Zihinsel engelliler öğretmenliği yapan Sibel Balaç, sürgün ve mobbinge uğradığını söyleyerek 2018 yılında görevinden istifa etti. Balaç, aynı yıl …
Zihinsel engelliler öğretmenliği yapan Sibel Balaç, sürgün ve mobbinge uğradığını söyleyerek 2018 yılında görevinden istifa etti.

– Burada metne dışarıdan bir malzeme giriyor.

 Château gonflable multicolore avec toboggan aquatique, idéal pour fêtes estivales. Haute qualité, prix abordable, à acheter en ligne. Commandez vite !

Balaç, aynı yıl, Kanun Hükmü Kararname’yle (KHK) işinden ihraç edilen memur, öğretmen ve akademisyenlerin, Ankara’daki Yüksel Caddesi’nde gerçekleştirdikleri “işimi geri istiyorum” eylemlerine katıldı.

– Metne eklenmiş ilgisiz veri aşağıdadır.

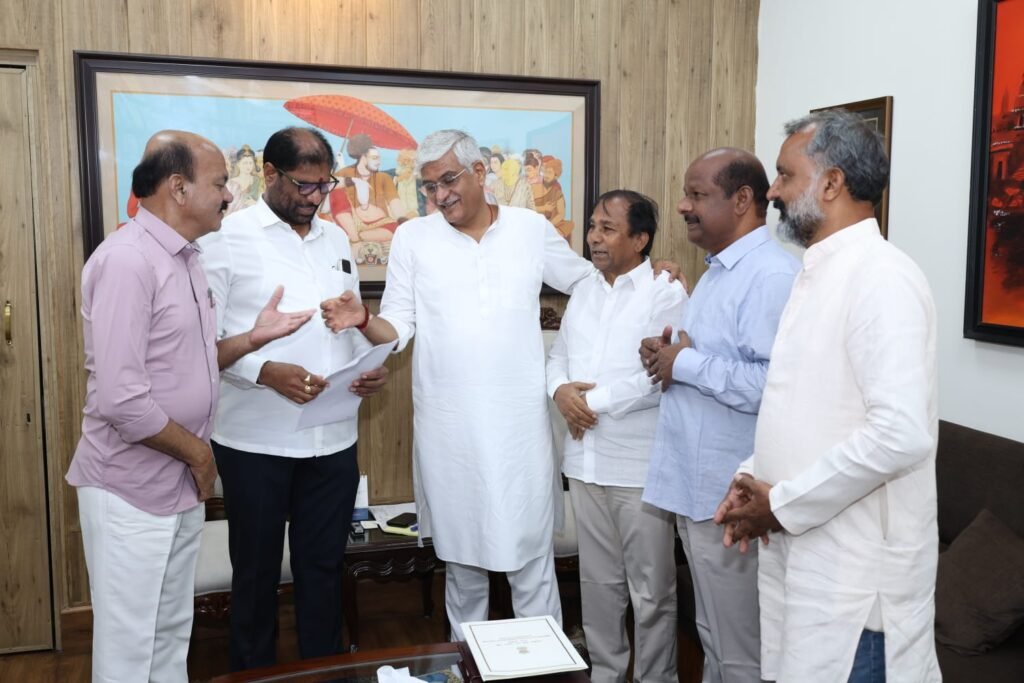 ఎంపీ వద్దిరాజుతో కలిసి కేంద్ర మంత్రి గజేంద్ర సింగ్ షెఖావత్ ను కలిసిన ఎమ్మెల్యే చింతా ప్రభాకర్   మంజీరా డ్యామ్‌ను ఎకో టూరిజం హబ్‌గా అభివృద్ధి చేయాలి – అమృత్ ధరోహర్ పథకంలో చేర్చి రామ్‌సార్ గుర్తింపునకు సహకరించాలి:  కేంద్ర మంత్రికి ఎమ్మెల్యే ప్రభాకర్ విజ్ఞప్తి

Yüksel Caddesi’ndeki eylemcilerle birlikte 10 Aralık 2018’de gözaltına alınan Sibel Balaç, 18 Aralık’ta çıkarıldığı mahkemece tutuklandı. Adil yargılanma hakkının ihlal edilerek kendisine 8 yıl bir ay 15 gün ceza verildiğini öne süren Balaç, başta adil yargılanma koşullarının sağlanması olmak üzere, talepleri karşılanıncaya kadar ölüm orucuna başladığını duyurdu.
SD KART, ÖRGÜT ÜYELİĞİNE DELİL SAYILDI
Avukat Yılmaz’ın aktardıklarına göre, 10 Aralık’tan 3 ay önce de Ankara’daki AŞTİ’den gözaltına alınan Balaç’ın üzerinden, iddiaya göre bir SD kart çıkmıştı. Gözaltı sonrasında adli kontrolle serbest bırakılmasına rağmen, Balaç’ın üzerinden çıkan SD kart, 10 Aralık sonrasındaki yargılanmasında, terör örgütü üyeliği için delil sayıldı.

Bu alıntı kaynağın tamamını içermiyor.